Kaminara’s statements reiterated the findings of long-standing studies on the subject, that have concluded that the incidence of crime, especially serious offences such as homicide, were higher in countries that carried out capital punishment as compared to countries that have abolished it for all crimes. The research contained in these studies found that abolishing the death penalty coincided with strengthened rule of law, increasing the probability as well as the certainty of offenders committing a crime and therefore deterring them from offending a second time, or in the first place.
This is no chain of coincidence – in the absence of severe penalties for severe offences, a government has greater motive to improve the implementation of existing law, investigative practices of the police and the justice system in order to ensure that offenders are awarded due punishment and the public remains content.
However, in countries where violence pervades culture and societal norms, it is difficult to convince the general public that cruelty cannot be dissuaded by responding to it in kind.
Even with the death penalty, heinous offences such as murder and rape continue to plague the country’s citizens, especially its women and children.
Following the rape and murder of five-year old Marwah in Karachi on September 6, and then the Lahore-Sialkot motorway gang rape incident which transpired merely a few days later on September 10, there was much talk of doling out punishment of the severest degree to the offenders in the incidents – but with the death penalty already in place, how much crueler could the punishment have been?
There is now an increasing demand by the public as well as several of the country’s lawmakers to hang culprits in heinous crimes in view of the general populace, a call that has been met with grave concern by rights advocates and civil society members who understand that making a spectacle out of death will only facilitate aggression and violence within society.
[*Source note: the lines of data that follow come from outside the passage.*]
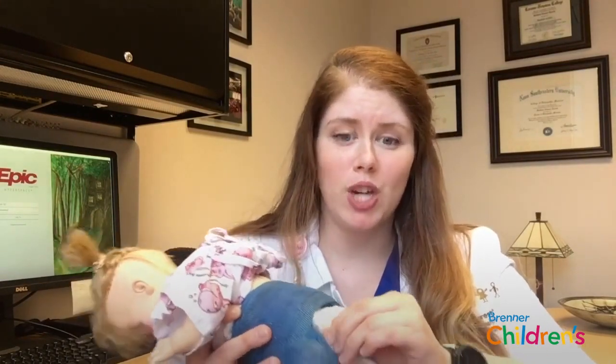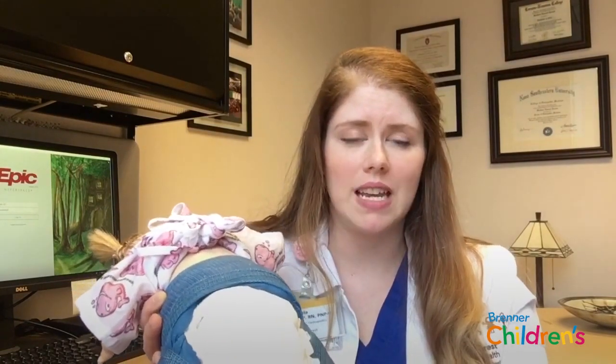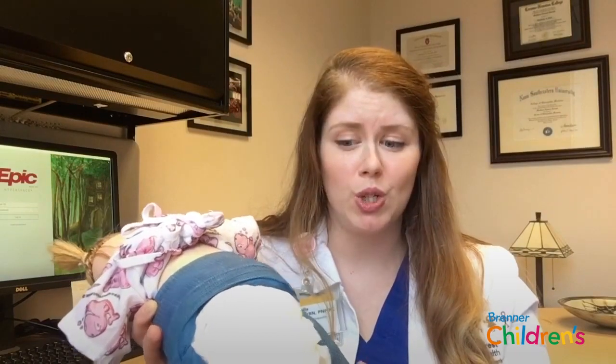This is a great opportunity at every diaper change to be checking your child's skin. You want to make sure that there's no redness, irritation, or blistering from the cast. You want to make sure that you can get at least one finger around each edge of the cast and that there aren't any sharp edges that could cause irritation to your child's skin.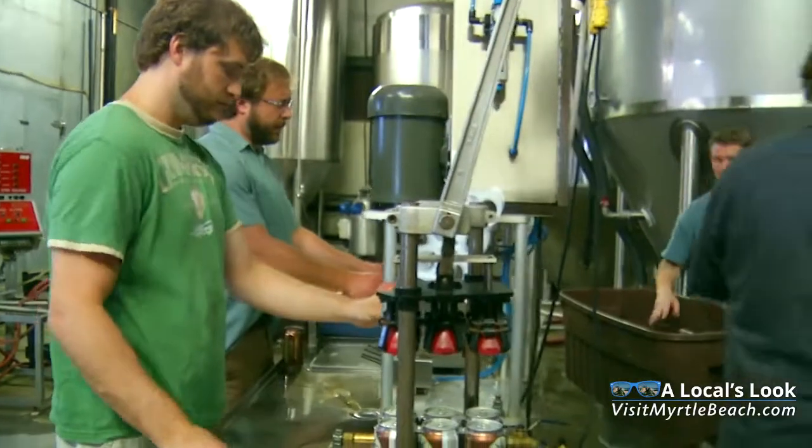Today I'm here at New South Brewing, Myrtle Beach's only local microbrewery. Simply put, this brewery produces beer that locals love.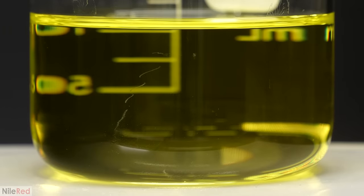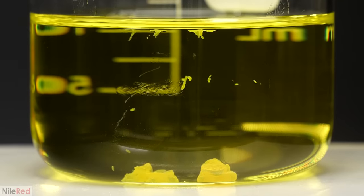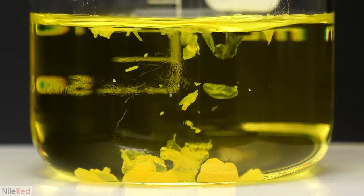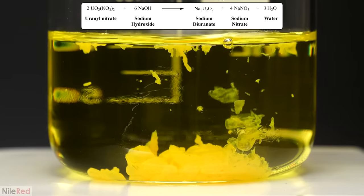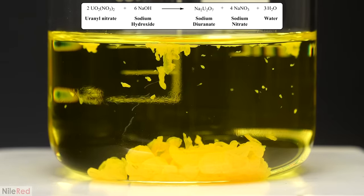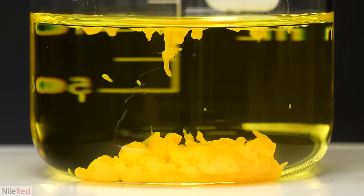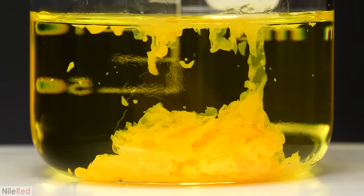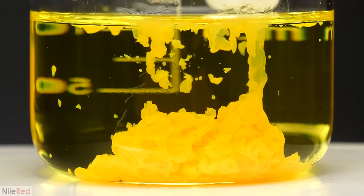When I felt it was good, I took it out of the fridge and slowly started adding it to the uranyl nitrate. Almost immediately, it started forming these weird solid doughnut-looking things, and this was all sodium diuranate. The reason this happened was that unlike the uranyl nitrate and the sodium hydroxide, the sodium diuranate is practically insoluble in water, so the moment it formed it separated out. I had to keep adding the sodium hydroxide until it stopped making the diuranate. To know when it was done I had to keep testing the pH using some cheap pH papers, and I kept adding the hydroxide until it turned blue, which told me that the pH was about 10.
Furthermore, given the high incidence of innocents being punished by hanging, due to a severely deficient police and justice system, such barbaric acts will accomplish no good for society.
A total of 106 nations have imposed a ban on capital punishment for civilian and military crimes, with the Republic of Chad and Kazakhstan being the most recent nation states to do so this year. Twenty-eight countries have banned it in practice, in that they have not carried out any executions in the last decade or more and have a policy of not carrying out executions (according to Amnesty International standards). Seven countries have abolished it in law and in practice and have not carried out any executions in the last 14 or more years. However, the sentence is retained for exceptional circumstances, such as crimes committed during wartime.
Fifty four countries, including Pakistan, retain the death penalty in law and in practice. Pakistan had placed a moratorium on capital punishment in 2008, with only one execution taking place in 2012, but had lifted it in late 2014 after the Army Public School tragedy.
From 2014 to 2019, a total of 513 people have been executed in the country. Although no one has been executed so far this year, Pakistan possesses the world’s largest death row population, with over 4,225 inmates awaiting execution according to Amnesty International. Moreover, Pakistan is signatory to the UN Convention against Torture and Other Cruel, Inhuman or Degrading Treatment or Punishment (UNCAT) and the International Covenant on Civil and Political Rights (ICCPR), which forbid such cruel punishments to offenders.